One longstanding youth development program, the $1 million Neighborhood Youth Alliance/Street Outreach, was eliminated entirely.


Homelessness/Housing Services


Services to prevent homelessness, shelter those who have become homeless and provide long term housing for those with disabilities who have been chronically homeless saw funding restorations -- and some painful budget cuts.


A proposal to cut medical services in adult shelters by $1.7 million was partially restored with an allocation of $1.2 million.   Other cuts to shelter programs, including employment specialists and the provision of shelter for adult couples, were not restored at all.    Several programs aimed at preventing homelessness were partially restored, including  Anti-Eviction/SRO Legal Services ($2.0 million, down from $2.250 million),  the Housing Preservation Initiative ($1 million, down from $1.5 million) and Community Consultants ($415,000, down from $830,000).

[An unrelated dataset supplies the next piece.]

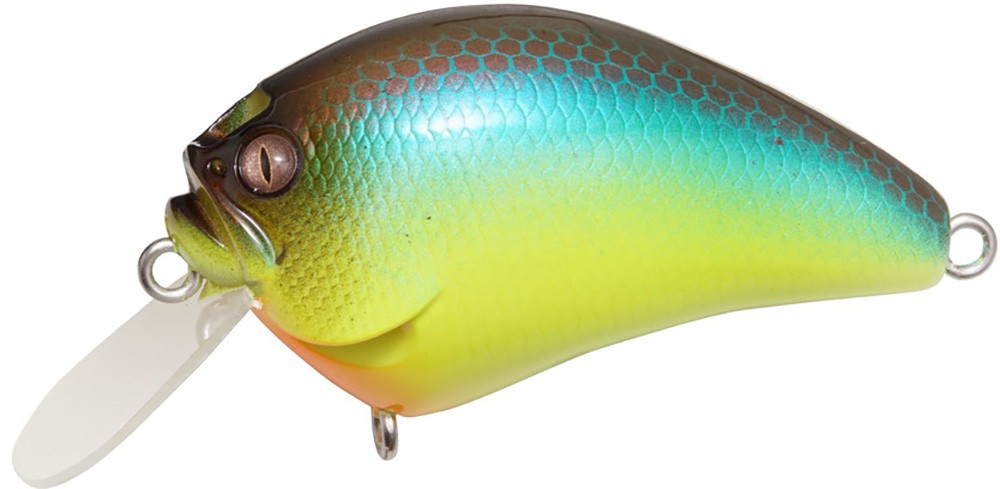 Shallow Crankbait 2 Inch High-Performance Fishing Lure for Freshwater & Saltwater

“The restorations contained in the budget agreement that assist the homeless or those at risk of homelessness … represent a strong show of leadership and wisdom by City leaders for assuming responsibility for those New Yorkers in dire need,” said Christy Parque, Executive Director of Homeless Services United.  “Although many vital programs were not restored or partially restored we are grateful for the initiative shown to not completely abandon poor people in these terrible economic times of budget deficits and slowed revenues.”


On budget cut which drew strong criticism was the failure to restore $1.786 million in funding for on-site Supportive Housing Case Managers.   “Just one week after President Obama announced the first federal strategic plan to end homelessness, the City Council negotiated a budget that dismantles programs the Obama administration cites as models that should be expanded,” said Sean Barry, Director of the New York City AIDS Housing Network (NYCAHN).  “With 1 in 20 clients of the HIV/AIDS Services Administration (HASA) already homeless in the emergency housing system, it’s unfathomable that City Council would cut funding for programs that show the most success in keeping people stably housed and connected to medical care.”


 Immigrant Services/Adult Literacy


Adult Literacy providers, who had been threatened with a complete loss of City funding, were gratified to win a significant restoration of funding.  The City Council’s own $1.5 million adult literacy initiative, spearheaded by Council Member Sara Gonzalez, was completely restored.  At the same time, the Department of Youth and Community Development which had been targeted for a $5.2 million cut to its core adult literacy programs, received a $3.5 million restoration.


“This is an important victory,” said Bruce Carmel, Deputy Executive Director at Turning Point.  “We had great support.  When people heard that the Mayor was cutting funding to zero, they knew they had to act.  We are very grateful to Council Member Gonzalez and to the entire Council for their support.”


The $5 million Immigrant Opportunities Initiative (IOI), which provides ESOL classes, immigrant legal services and citizenship assistance, was ultimately restored by the Council, although with a $500,000 cut.


Health and Mental Hygiene


It appears that a $10.5 million budget cut to the Department of Health and Mental Hygiene in the areas of outreach, advocacy, non-reimbursable case management and medically supervised drug and alcohol treatment programs was not restored. 


Funding for the Council’s HIV/AIDS Communities of Color Initiative, Autism Awareness Initiative, Infant Mortality Initiative, Geriatric Mental Health Initiative, Children Under Five Mental Health Initiative, Domestic Violence and Empowerment (DoVE) Initiative were all partially restored with cuts ranging from 9% to 22%.